_Data_:
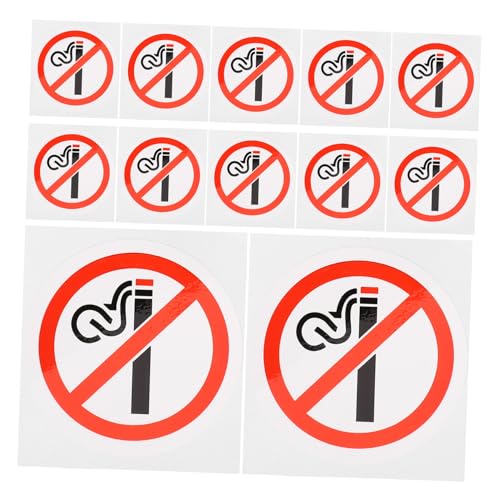 HIAKDOFT 20 Stück Wasserdichte No Smoking Aufkleber PVC Selbstklebend UV Beständig für Auto und Innen Außenbereich Klare Rauchverbot Langlebige Warnschild Hinweis Sticker von HIAKDOFT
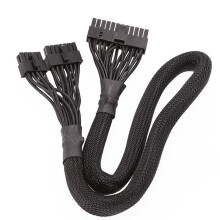 3X Câble D'Alimentation ATX 14 + 10 Broches à 24 Broches Câble de Carte MèRe D'Alimentation PC 20 + 4 Broches pour AX1500I AX1200I AX860I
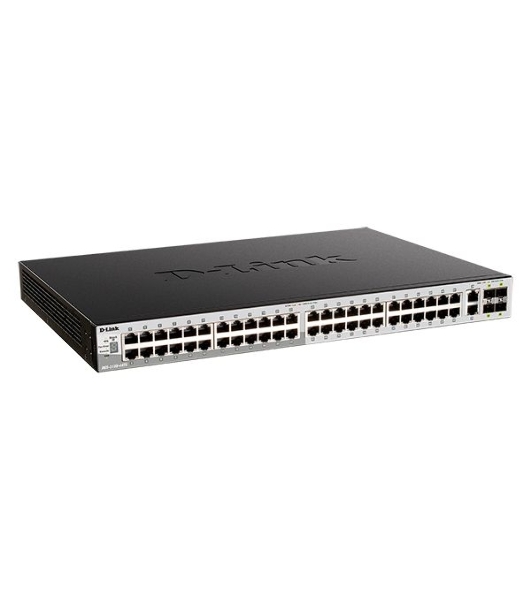 Коммутатор D-Link DGS-3130-54PS/B2A, 48×1 Гбит/с + 2×10 Гбит/с Base-T + 4×10 Гбит/с SFP+, управляемый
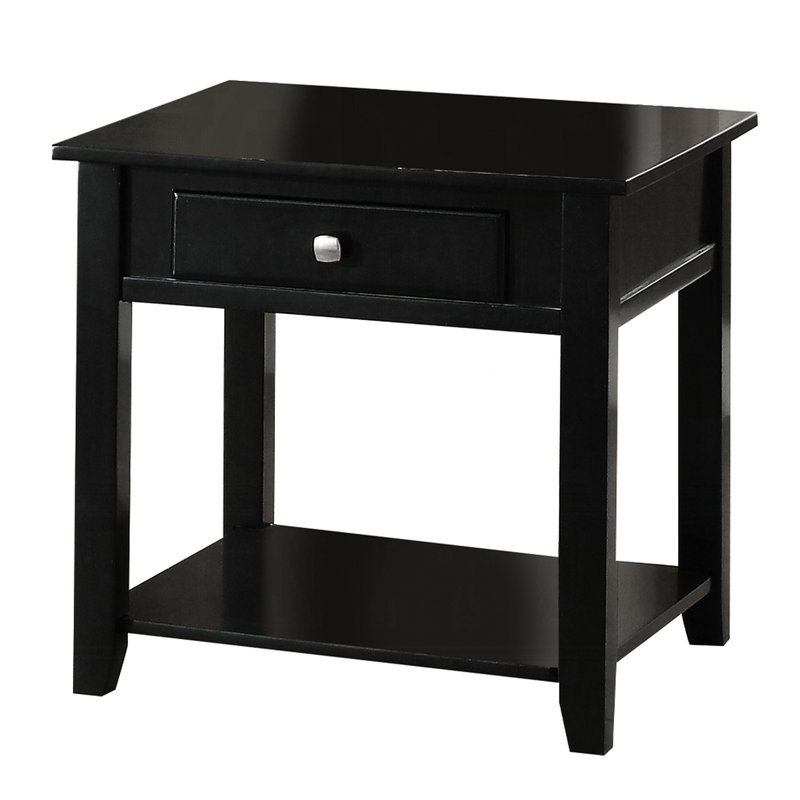 Table de bout de 22 po de largeur avec surface et fonctionnalité - Living High Elegant Aspect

_Requirement_: The task calls for repeating each line above exactly while excluding the pictures.

_Answer to the exercise_:
 HIAKDOFT 20 Stück Wasserdichte No Smoking Aufkleber PVC Selbstklebend UV Beständig für Auto und Innen Außenbereich Klare Rauchverbot Langlebige Warnschild Hinweis Sticker von HIAKDOFT
 3X Câble D'Alimentation ATX 14 + 10 Broches à 24 Broches Câble de Carte MèRe D'Alimentation PC 20 + 4 Broches pour AX1500I AX1200I AX860I
 Коммутатор D-Link DGS-3130-54PS/B2A, 48×1 Гбит/с + 2×10 Гбит/с Base-T + 4×10 Гбит/с SFP+, управляемый
 Table de bout de 22 po de largeur avec surface et fonctionnalité - Living High Elegant Aspect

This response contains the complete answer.